Il ricordo del condirettore Alberto Brandi a dieci anni dalla scomparsa di Maurizio Mosca
di Alberto BrandiCaro Maurizio, avrei voglia di dirti tante cose. Conservo con cura una tua lettera di una dozzina di anni fa, la rileggo spesso per evitare che il passare degli anni intacchi minimamente il tuo ricordo. Risento la tua voce e ti immagino chino mentre mi scrivevi quelle righe (rigorosamente col pennarello nero) che ricontrollerai con l’immancabile lente di ingrandimento. Con quella lettera mi stringevi virtualmente la mano dopo un litigio. Senza mezze misure. Come tutto ciò che facevi. La chiudevi con questa frase: “Alla mia età posso dire a un giovane come te di restare sempre così, di non perdere la sensibilità, la generosità e la voglia di lavorare con entusiasmo, passione e senza sosta”.

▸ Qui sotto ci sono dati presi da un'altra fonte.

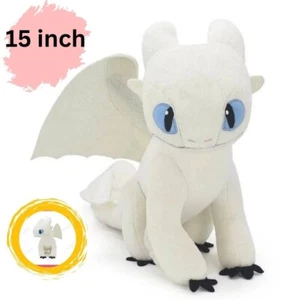 Muñeca de peluche 15" sin dientes Cómo entrenar a tu dragón3 película DreamWorks mundo oculto - Imagen 1 de 8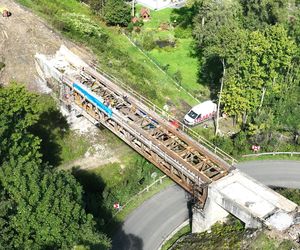 Remont linii Żywiec - Sucha Beskidzka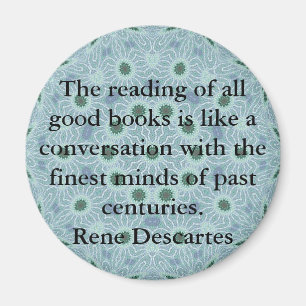 Rene Descartes litteraturcitationstecken Magnet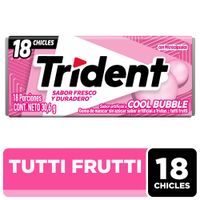 Chicles Sin Azúcar Trident Evup Cool Bubble 18un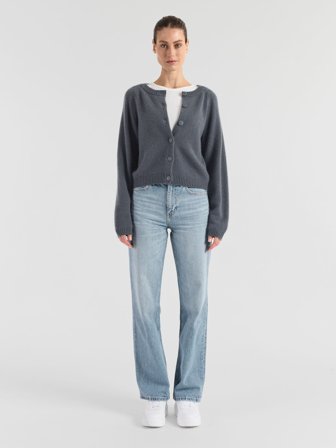 Kashmina - Kashmircardigan "Randi" - Blue fog - Size L
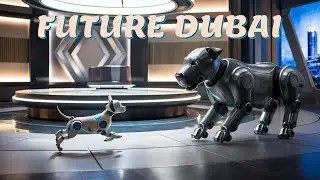 The Wild Future of Robotic Dogs #dubai #dubaifuturemuseum #robot #fun #travel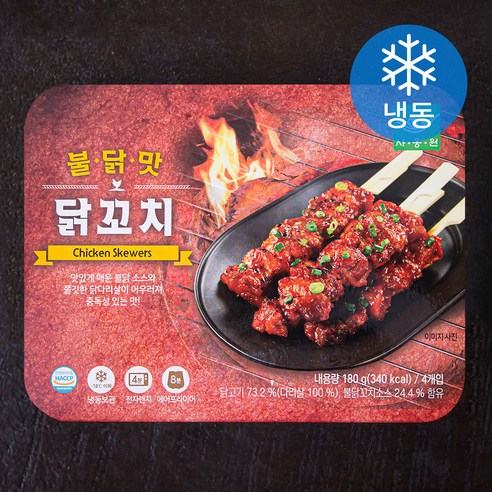 사옹원 불닭맛 닭꼬치 (냉동), 180g, 1개 - 닭꼬치 | 쿠팡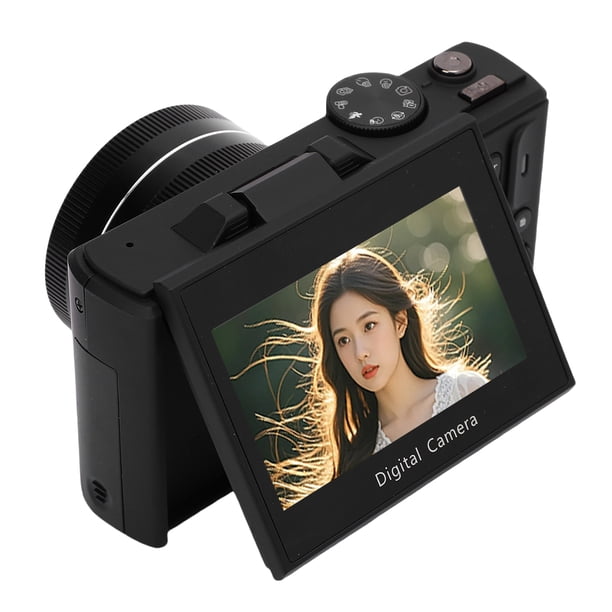 Cámara Digital De 5k Para Fotografía, Cámaras De Vlogging WiFi 75MP Para YouTube, 18x Zoom 180 3.0 Pulgadas Pantalla Incorporada Incorporada, Luz LED De Relleno, 32 GB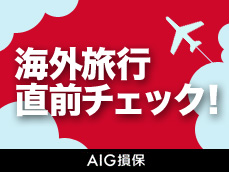 AIG損保 海外旅行保険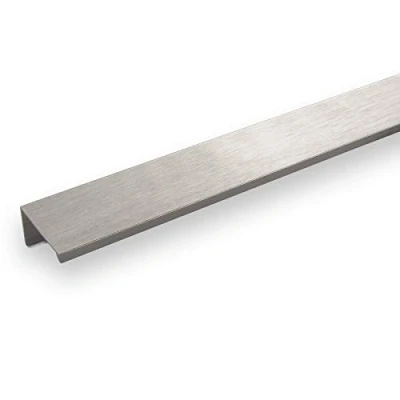 Abbildung von SO TECH® Griffleiste Alu Möbelgriff SEARL 70 780 mm Edelstahloptik Profilleiste, Gesamtlänge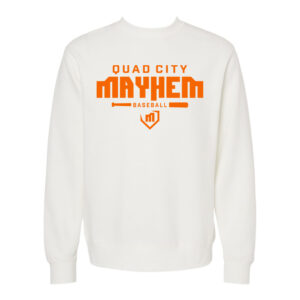 QC Mayhem BB Independent Trading Midweight-Pigment Dyed crewneck sweatshirt Unisex-White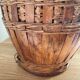 Vase en rotin vintage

Oggi, 10 anni dopo quel maledetto 3 aprile, cerco sempre di non cambiare. E quando ho un attimo di cedimento ho il tuo esempio davanti. La redazione era la tua prima casa, i colleghi la tua famiglia, il lavoro un elemento vitale. Non c’erano festività che tenessero. A Natale, Capodanno, Ferragosto non mancavi mai. Se nel lavoro eri un esempio, la tua umanità non conosceva confini. Certo, ogni tanto sbottavi e non c’era verso di placarti, ma il tuo animo era gentile.
Mi piacerebbe che tu fossi qui con noi, in 10 anni sono cambiate tante cose nel calcio: una ti sorprenderebbe. Sì, alla fine si sono arresi. C’è la moviola in campo. Si chiama VAR, ma è proprio quella cosa che chiedevi a gran voce.
So come avresti vissuto questi giorni drammatici in cui stiamo lottando contro un nemico invisibile. A quasi 80 anni, saresti venuto comunque in redazione con noi. Avresti pasticciato nel metterti mascherine e guanti. Dopo aver bevuto, come sempre, il the preso alle macchinette accompagnato dai biscotti secchi.
Vedendomi, mi avresti salutato con naturalezza insieme al tuo classico “ah ciao! Novità?”. Novità? Non ce ne sono, Maurizio. Oggi, come ogni giorno da 10 anni a questa parte, ci manchi.